As parents of small children, we’ve all experienced the sheer terror of losing a child, even if it was just a brief moment of separation or they’ve left our sight for a minute or two. The same is true for lovers of animals, out of sight is definitely not out of mind when you’re a pet owner or a parent.
As responsible pet owners, we all understand the importance of microchipping, ID tags, even tattoos and should always keep current photos of our animals in case they’re misplaced. But there are some other, less obvious ways we can protect our pets from becoming lost or stolen.
What’s the first thing that comes to mind when getting an ID tag for your animal, often the very first line engraved, their name. But this is actually the last thing you should consider putting on this important piece of identification.
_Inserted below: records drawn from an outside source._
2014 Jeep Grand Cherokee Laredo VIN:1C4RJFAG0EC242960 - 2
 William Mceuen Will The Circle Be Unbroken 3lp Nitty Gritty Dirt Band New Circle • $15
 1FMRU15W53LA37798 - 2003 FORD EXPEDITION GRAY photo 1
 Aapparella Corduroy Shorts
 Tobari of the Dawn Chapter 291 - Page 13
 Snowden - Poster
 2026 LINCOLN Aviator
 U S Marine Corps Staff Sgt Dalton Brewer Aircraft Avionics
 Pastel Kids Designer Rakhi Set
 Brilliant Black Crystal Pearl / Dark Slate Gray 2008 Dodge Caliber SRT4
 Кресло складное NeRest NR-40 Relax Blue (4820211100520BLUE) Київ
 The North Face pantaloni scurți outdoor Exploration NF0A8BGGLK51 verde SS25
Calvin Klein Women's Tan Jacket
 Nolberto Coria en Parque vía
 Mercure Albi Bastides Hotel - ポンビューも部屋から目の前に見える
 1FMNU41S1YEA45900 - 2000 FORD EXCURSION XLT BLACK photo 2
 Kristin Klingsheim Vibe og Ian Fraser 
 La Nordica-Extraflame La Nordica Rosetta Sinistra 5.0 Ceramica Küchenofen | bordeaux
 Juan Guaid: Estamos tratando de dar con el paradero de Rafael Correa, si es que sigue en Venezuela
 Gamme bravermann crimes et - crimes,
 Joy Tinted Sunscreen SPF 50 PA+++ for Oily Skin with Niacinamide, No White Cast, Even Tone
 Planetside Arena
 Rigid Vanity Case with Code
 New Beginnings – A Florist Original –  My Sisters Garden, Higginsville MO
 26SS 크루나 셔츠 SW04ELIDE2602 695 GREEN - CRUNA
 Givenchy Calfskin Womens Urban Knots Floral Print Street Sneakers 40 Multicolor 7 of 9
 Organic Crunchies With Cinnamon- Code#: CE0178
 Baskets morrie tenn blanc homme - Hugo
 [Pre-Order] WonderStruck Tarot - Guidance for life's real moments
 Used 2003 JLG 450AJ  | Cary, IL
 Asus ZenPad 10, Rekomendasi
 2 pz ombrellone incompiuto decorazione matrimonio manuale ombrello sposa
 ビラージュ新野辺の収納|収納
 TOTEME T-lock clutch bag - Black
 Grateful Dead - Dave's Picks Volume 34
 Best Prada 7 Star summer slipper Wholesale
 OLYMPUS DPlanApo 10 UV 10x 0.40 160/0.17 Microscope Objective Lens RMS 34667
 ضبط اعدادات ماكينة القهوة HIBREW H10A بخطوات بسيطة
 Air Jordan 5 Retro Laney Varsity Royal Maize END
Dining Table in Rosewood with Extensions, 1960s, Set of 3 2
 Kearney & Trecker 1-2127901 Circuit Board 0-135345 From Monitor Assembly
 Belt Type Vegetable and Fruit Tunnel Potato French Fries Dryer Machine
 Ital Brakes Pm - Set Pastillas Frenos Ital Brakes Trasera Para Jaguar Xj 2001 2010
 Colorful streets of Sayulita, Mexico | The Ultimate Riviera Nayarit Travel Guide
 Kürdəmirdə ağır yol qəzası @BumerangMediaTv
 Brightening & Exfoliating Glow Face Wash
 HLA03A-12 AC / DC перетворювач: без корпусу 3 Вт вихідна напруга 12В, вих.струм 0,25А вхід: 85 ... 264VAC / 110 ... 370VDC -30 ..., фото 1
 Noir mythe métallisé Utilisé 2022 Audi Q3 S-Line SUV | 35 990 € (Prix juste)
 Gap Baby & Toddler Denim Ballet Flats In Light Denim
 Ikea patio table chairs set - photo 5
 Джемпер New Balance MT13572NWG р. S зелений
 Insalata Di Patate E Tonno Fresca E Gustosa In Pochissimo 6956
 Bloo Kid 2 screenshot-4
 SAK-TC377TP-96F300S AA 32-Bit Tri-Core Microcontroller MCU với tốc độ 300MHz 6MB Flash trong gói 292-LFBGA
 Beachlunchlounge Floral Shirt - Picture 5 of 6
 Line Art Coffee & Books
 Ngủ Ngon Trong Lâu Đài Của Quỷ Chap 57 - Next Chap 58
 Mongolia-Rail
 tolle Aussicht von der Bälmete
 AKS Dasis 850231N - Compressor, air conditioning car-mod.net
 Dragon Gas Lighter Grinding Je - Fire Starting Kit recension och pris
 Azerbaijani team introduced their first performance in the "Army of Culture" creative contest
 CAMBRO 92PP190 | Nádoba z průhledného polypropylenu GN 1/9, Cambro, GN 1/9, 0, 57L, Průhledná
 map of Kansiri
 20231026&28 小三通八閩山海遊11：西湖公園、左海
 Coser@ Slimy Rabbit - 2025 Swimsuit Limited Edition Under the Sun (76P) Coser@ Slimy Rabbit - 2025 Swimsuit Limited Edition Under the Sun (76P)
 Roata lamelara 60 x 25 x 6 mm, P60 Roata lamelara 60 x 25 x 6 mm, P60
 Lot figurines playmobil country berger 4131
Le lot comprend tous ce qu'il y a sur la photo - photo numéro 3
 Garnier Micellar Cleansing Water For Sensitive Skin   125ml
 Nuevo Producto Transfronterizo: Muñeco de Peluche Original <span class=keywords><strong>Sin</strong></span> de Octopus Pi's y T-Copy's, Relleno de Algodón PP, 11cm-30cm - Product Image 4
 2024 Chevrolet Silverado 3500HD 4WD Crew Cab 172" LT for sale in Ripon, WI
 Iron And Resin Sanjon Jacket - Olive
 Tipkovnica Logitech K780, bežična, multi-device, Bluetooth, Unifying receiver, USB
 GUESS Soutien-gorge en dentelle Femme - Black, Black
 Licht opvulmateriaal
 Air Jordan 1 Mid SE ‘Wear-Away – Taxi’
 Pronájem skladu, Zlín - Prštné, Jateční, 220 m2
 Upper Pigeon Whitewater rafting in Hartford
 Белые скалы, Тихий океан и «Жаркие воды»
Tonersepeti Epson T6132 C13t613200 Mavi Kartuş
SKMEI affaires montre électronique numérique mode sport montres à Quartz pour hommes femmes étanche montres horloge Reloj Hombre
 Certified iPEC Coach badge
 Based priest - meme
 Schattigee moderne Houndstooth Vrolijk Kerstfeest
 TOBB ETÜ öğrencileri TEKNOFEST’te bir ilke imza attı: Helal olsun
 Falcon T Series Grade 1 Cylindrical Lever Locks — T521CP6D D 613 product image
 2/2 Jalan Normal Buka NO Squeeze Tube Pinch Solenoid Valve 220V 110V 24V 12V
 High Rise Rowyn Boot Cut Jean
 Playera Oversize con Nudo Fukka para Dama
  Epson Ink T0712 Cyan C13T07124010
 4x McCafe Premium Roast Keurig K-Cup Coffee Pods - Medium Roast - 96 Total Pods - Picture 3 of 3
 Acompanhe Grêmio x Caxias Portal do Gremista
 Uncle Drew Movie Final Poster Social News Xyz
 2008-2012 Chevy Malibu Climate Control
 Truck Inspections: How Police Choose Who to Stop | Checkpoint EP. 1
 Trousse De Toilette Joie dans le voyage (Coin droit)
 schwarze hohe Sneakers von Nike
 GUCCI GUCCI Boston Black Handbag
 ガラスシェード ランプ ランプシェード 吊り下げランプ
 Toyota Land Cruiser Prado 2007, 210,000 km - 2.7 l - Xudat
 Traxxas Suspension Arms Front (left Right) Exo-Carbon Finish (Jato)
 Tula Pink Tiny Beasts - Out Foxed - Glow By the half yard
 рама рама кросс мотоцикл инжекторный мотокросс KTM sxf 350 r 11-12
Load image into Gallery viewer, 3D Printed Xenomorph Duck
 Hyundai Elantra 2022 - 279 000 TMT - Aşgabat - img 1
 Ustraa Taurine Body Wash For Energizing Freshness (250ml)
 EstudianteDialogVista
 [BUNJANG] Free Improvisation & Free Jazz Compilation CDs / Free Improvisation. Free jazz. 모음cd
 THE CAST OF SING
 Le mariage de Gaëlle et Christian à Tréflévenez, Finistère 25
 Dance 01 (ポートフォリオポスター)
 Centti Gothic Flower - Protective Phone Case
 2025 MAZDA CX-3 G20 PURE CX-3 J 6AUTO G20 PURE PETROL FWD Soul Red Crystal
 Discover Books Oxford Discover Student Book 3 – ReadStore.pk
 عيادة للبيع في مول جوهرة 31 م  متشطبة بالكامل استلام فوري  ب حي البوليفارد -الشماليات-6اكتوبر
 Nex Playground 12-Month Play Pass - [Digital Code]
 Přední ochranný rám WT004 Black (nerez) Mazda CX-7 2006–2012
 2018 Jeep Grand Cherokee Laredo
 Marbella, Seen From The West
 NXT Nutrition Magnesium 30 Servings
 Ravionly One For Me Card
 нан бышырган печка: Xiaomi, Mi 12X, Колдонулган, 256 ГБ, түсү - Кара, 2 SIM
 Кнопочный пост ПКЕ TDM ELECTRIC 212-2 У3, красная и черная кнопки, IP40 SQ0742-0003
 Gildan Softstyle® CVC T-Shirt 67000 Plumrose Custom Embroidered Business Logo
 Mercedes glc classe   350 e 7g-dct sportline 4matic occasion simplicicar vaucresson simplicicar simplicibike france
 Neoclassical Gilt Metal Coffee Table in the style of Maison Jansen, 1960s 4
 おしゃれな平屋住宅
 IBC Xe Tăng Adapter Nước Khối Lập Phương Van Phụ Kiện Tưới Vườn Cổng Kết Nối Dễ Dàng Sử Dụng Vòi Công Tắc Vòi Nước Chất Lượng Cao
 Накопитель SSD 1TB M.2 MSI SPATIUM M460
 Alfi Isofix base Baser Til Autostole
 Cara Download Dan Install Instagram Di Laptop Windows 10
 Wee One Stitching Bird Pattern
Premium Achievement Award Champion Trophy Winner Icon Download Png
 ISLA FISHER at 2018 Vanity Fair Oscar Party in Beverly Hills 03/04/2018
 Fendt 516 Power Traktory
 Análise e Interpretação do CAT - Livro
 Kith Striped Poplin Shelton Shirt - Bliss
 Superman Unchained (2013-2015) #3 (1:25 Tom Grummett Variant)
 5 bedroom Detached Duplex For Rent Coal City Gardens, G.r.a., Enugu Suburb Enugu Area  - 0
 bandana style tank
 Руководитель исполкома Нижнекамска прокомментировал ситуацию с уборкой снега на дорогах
Many experts recommend omitting this info altogether and simply putting your contact information on it instead. If your dog or cat is lost or stolen, the person finding or taking your animal does not need to know their name, just how to locate you as the owner.
If you have an outdoor animal, make sure any service providers you have are aware of the fact that you have a pet. Landscapers, swimming pool technicians, contractors and other workers that enter and leave your property should be aware that you’re a pet owner and be mindful of this important circumstance.
While the majority of them are professional and courteous, a simple slip of the wrist could leave your gate unlatched and give your animal an open door to the outside world. On the other hand, you should consider leaving your pet indoors on the day(s) your service provider arrives.
Especially if you live in a residential neighbourhood with other animal owners, get to know the other people in your community along with their pets. Often when an animal goes missing, they seldom get far if they’ve escaped from your home. Fellow animals lovers, aware of where you live and the identity of your pet, are your best chance for a happy reunion.
Back in the days before modern technology, a few of the only chances we had for finding our missing pet was posting flyers around the neighbourhood, putting an ad in our local newspaper and checking nearby animal shelters. But with the internet at our disposal, this opens up a huge online venue for posting an alert to hundreds or even thousands of our “friends” to be on the lookout for our pet.
Again, if you have an outdoor animal, be sure to check regularly for possible escape routes. Look for loose boards in fencing, places where they could be digging, faulty hinges or latches on gates. For inside critters, especially cats, ensure screens are tightly fitting inside their frames if you’ll be opening the window.
Be mindful of keeping exterior doors and windows closed at all times, especially after they’re opened. Quick cats and dodgy dogs can quickly dart out through an open door when we’re not paying attention to try to catch an unfamiliar creature. With a little planning, some extra care and attention, we can help ensure our pets remain home with us instead of wandering the streets.